● THE PROBLEM
Please transcribe the data below exactly. Leave the pictures out.

● SUPPLIED DATA

===============

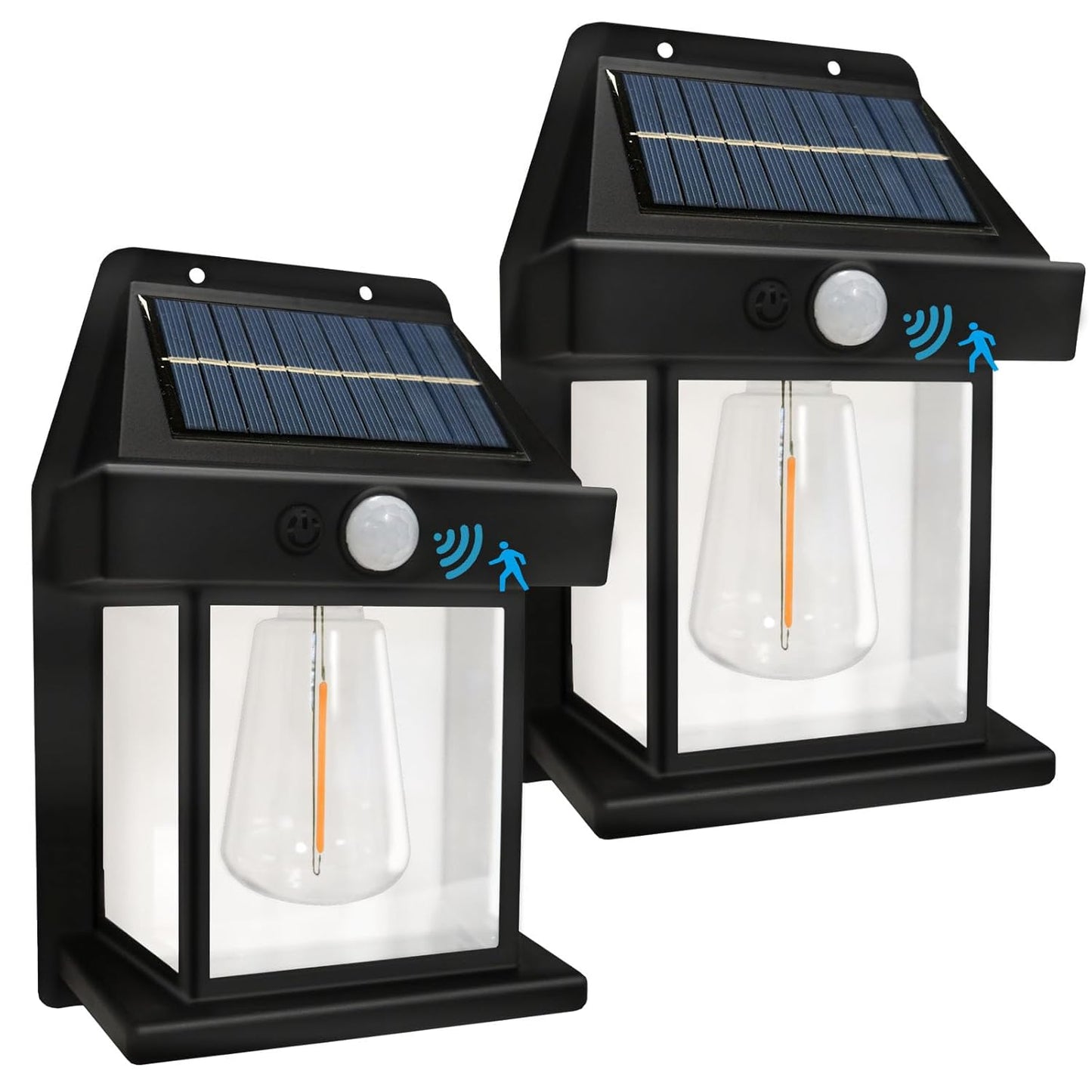 Solar Wall Lantern with Motion Sensor – Outdoor Waterproof Dusk to Dawn Wall Light, Wireless Solar Powered Porch Sconce with 3 Lighting Modes for Front Door, Patio & Entryway(pack of 1)
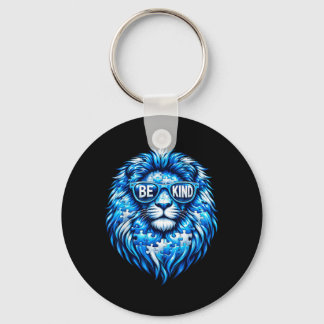 Porte-clés Wear Blue Autism Awareness Puzzle Lion Be Kind Men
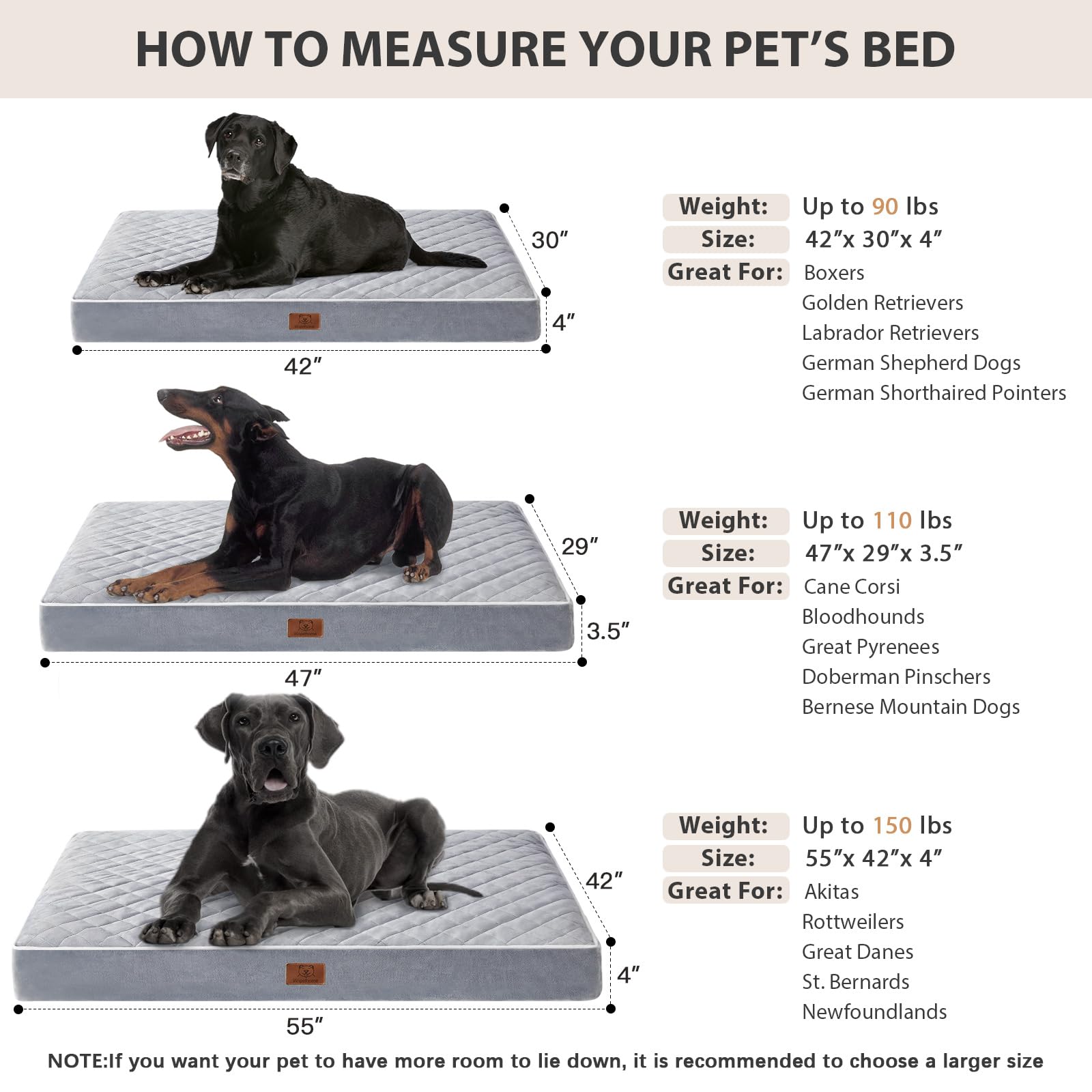 Cama WNPETHOME para uso diario en casa, lista para habitación o jaula.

===============

● RESPONSE TO THIS EXERCISE
 Solar Wall Lantern with Motion Sensor – Outdoor Waterproof Dusk to Dawn Wall Light, Wireless Solar Powered Porch Sconce with 3 Lighting Modes for Front Door, Patio & Entryway(pack of 1)
 Porte-clés Wear Blue Autism Awareness Puzzle Lion Be Kind Men
 Cama WNPETHOME para uso diario en casa, lista para habitación o jaula.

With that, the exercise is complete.